Case ascertainment and primary outcome
The EIS identified all people referred to the service with suspected FEP over a 9-year period (2012–2020). The service receives referrals through an extensive range of sources, including primary, secondary and tertiary care services and self-referrals, and through other agencies where referral pathways are established. General practitioners are advised to refer those below the age of 16 years to local Child and Adolescent Mental Health Services. After initial screening, referrals are assessed by a trained clinician within the team. Presence of FEP outcome is determined by the team based upon symptomology and need for treatment, which are informed using clinical instruments including the Positive and Negative Syndrome Scale (PANSS)Reference Kay, Fiszbein and Opler20 and the Comprehensive Assessment of At-Risk Mental States (CAARMS).Reference Yung, Yung, Pan Yuen, Mcgorry, Phillips and Kelly21 The service triages people into two groups: those who present with a FEP; and individuals who have ‘At-Risk Mental States’ (ARMS), consisting of those who are at risk of transitioning to psychosis. Exclusion criteria for the service include: those whose symptoms only occurred during acute intoxication or withdrawal states, symptoms occurring as part of an organic disorder, moderate or severe learning disability, and those who have received previous treatment for psychosis over 3 years before.
Measures
Individual-level variables
Sociodemographic information is routinely collected by the service, including age, gender, last known postcode and self-reported ethnicity (using categories outlined in the UK Census 2011). For the current study, those who reported their ethnicity as Pakistani were compared with those in the White majority category. Postcodes were used to link participants to corresponding Lower Super Output Areas.
Area-level variables
Ethnic density was calculated using ethnic group population statistics from the 2011 Census in England and Wales.
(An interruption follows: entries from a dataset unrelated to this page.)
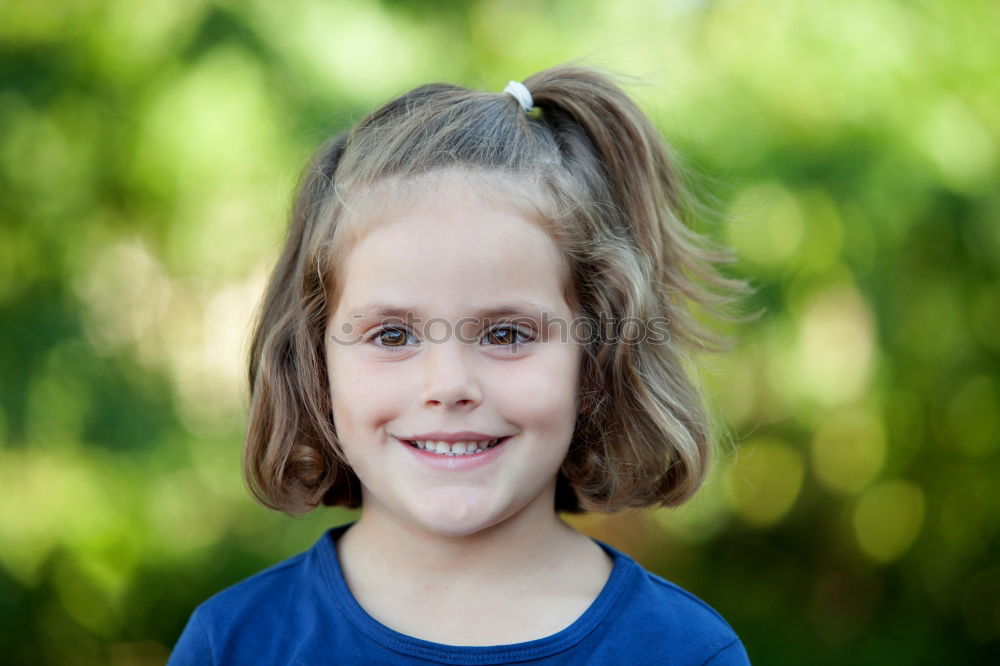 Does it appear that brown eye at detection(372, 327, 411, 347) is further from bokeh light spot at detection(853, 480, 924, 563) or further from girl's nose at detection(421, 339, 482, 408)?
bokeh light spot at detection(853, 480, 924, 563)

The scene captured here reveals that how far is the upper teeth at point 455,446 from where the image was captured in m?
1.76

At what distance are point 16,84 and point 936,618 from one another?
2961 millimetres

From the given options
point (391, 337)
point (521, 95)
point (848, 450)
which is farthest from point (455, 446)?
point (848, 450)

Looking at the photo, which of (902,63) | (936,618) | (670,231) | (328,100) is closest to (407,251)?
(670,231)

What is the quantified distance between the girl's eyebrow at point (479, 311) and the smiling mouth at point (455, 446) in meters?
0.21

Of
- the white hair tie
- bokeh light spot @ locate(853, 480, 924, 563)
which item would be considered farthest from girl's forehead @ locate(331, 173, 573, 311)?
bokeh light spot @ locate(853, 480, 924, 563)

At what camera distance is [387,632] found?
1.79 m

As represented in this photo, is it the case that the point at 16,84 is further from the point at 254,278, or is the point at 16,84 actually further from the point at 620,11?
the point at 620,11

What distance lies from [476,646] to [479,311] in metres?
0.57

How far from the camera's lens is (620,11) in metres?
2.98

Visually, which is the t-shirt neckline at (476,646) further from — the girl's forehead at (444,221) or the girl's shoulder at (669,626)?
the girl's forehead at (444,221)

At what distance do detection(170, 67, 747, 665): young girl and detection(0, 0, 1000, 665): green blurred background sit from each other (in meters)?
0.72

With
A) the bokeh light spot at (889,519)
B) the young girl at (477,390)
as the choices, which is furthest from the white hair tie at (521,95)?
the bokeh light spot at (889,519)

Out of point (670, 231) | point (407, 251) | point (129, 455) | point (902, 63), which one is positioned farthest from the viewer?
point (902, 63) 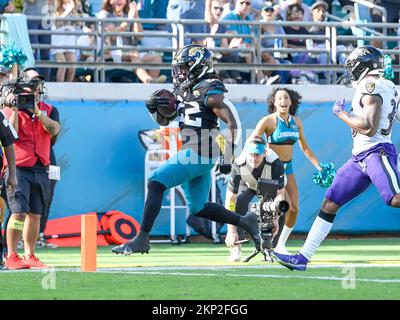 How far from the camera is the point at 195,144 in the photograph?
444 inches

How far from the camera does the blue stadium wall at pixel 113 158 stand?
17047 mm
We divided the total number of Pakistani residents within each LSOA by the overall LSOA population in 2011 to generate a percentage measure of ethnic density, with a higher percentage indicating a higher relative proportion of Pakistani residents. Deprivation was also calculated for each LSOA using the 2015 Index of Multiple Deprivation (IMD),Reference Smith, Noble, Noble, Wright, McLennan and Plunkett22 which provides an overall score of relative deprivation over seven different domains (income deprivation; employment deprivation; education, skills and training deprivation; health deprivation and disability; crime; barriers to housing and services; and living environment deprivation) for each of the 32 844 LSOAs in England. Scores range between 0.48 and 92.60, with a higher score indicating higher relative deprivation.
Analysis
Rates of FEP were modelled over the 9-year period using the ‘mepoisson’ function for mixed effects multilevel Poisson regression in STATA 14 for Windows, taking into account the two-level structure of the data (individuals clustered in LSOAs), allowing neighbourhood- and patient-level effects to be modelled simultaneously with cross-level interactions. To obtain count data, individual data were aggregated by age group, gender (male and female) and ethnicity (Pakistani and White), where stratum specific populations from Census 2011 data were used to calculate the underlying population at risk. Initially, unadjusted incidence rate ratios (IRRs) were calculated comparing rates of FEP in the Pakistani and the White populations in East Lancashire. Following this, incidence rates were incrementally adjusted for age and gender, followed by area-level deprivation. We then adjusted for ethnic density, including an interaction term between individual ethnicity and ethnic density, and a neighbourhood-level random intercept with gamma distribution. To further assess the interaction between ethnicity and ethnic density, we first compared IRRs between LSOAs with below average (low) and above average (high) ethnic density, with an average ethnic density of 12.78% across the neighbourhoods. We then looked at the Pakistani group, dividing the LSOAs into equally sized quartiles depending on their relative ethnic density, and compared risk of FEP using the densest quartile as the reference category. The Wald statistic was used to assess statistical significance of all main effects and interactions.
Ethics
The authors assert that all procedures contributing to this work comply with the ethical standards of the relevant national and institutional committees on human experimentation, and with the Helsinki Declaration of 1975 as revised in 2008. All procedures involving human subjects/patients were approved by the London Central Research Ethics Committee (20/LO/1279).
Consent
Consent was not obtained from participants in the study due to data having been collected for routine clinical purposes, with the number of participants and the length of time elapsed since data were collected, making it practically unfeasible to obtain informed consent for all participants. Approval to use data without consent for the purposes of the study was given by the London Central Research Ethics Committee (20/LO/1279) and the Health Research Authority Confidentiality Advisory Group (20/CAG/0112).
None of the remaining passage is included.